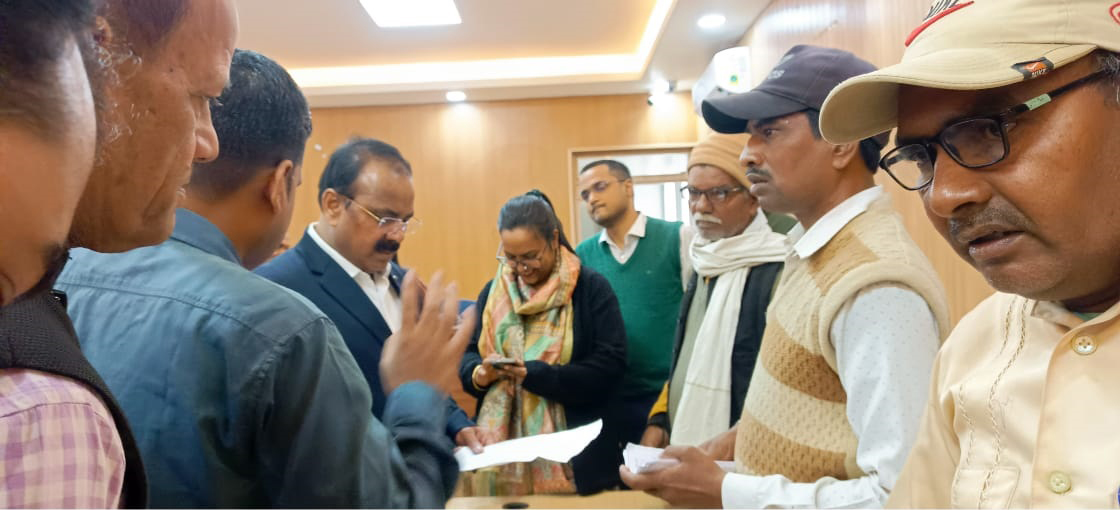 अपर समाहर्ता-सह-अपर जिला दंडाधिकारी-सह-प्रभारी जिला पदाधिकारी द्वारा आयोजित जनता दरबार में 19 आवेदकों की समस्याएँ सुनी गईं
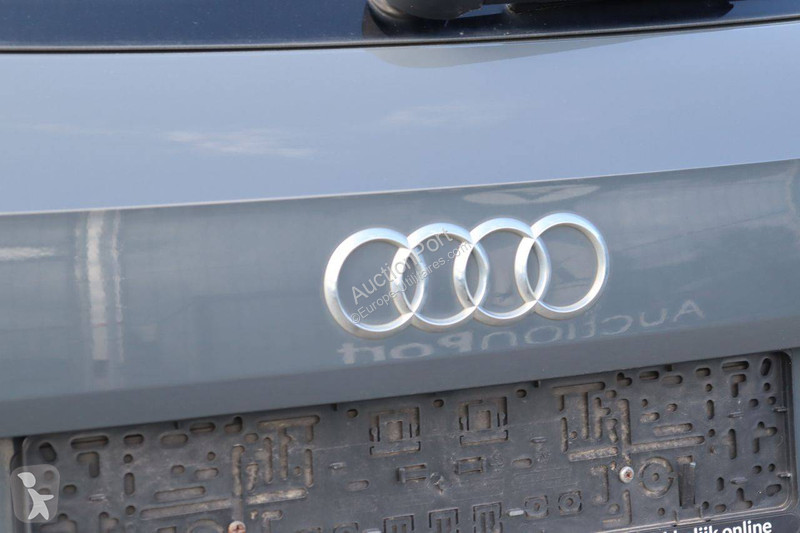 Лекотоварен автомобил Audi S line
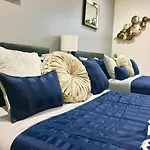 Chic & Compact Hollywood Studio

Task to complete: From the line that holds "Лекотоварен автомобил Audi S line" down to the last line of the material above, every line is to be copied exactly, both ends included; pictures are to be omitted.

Task result:
 Лекотоварен автомобил Audi S line
 Chic & Compact Hollywood Studio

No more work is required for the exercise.